It's a striking escalation in a debate that most companies thought had settled into an uneasy hybrid peace treaty (three days in, two days home, everyone quietly relieved). Lemkin's stance suggests that for at least one influential corner of venture capital, that treaty was never real — just a temporary ceasefire.
Would you take funding from an investor who required six days a week in-office?
So what does this mean for you?
If you're a founder currently pitching, this changes the calculus in a very concrete way: it's no longer just "does this VC like my deck," it's "does this VC's worldview match how I want to build my company." That's a much bigger commitment than a term sheet implies.
For SME owners and execs watching from the sidelines, Lemkin's comments are a signal flare about where a segment of the investor class is heading — and it's not toward more flexibility. If capital starts flowing preferentially toward six-day, in-office cultures, that pressure doesn't stay contained to venture-backed startups; it seeps into hiring expectations, industry norms, and what "competitive" even means for talent packages.

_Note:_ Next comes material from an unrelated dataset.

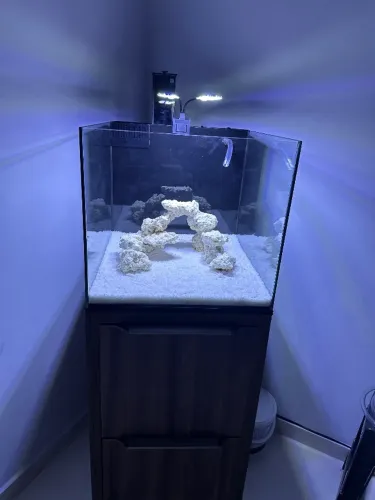 Aquário 100L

And for employees? This is worth watching closely, because founder incentives shape workplace policy faster than most people realize (nobody votes on this stuff — it just becomes the water cooler reality one term sheet at a time). If the money says six days, six days has a funny way of becoming company policy, whether or not anyone loved the idea to begin with.
The real tension here isn't really about desks or Wi-Fi speeds. It's a philosophical fork in the road: is startup success built on relentless physical proximity, or on output wherever it happens? Lemkin's betting hard on the former — and putting his checkbook where his mouth is.
So there it is: hybrid work, once the reasonable middle ground everyone could live with, is being recast by some investors as the startup equivalent of showing up to a marathon in flip-flops. Committed, sure. Just not committed enough.
Whether Lemkin's six-day mandate becomes a trend or a talking point remains to be seen. But one thing's certain — the "return to office" conversation just leveled up from "please come back" to "come back or don't bother applying," and founders everywhere are about to find out which side of that line their next investor stands on.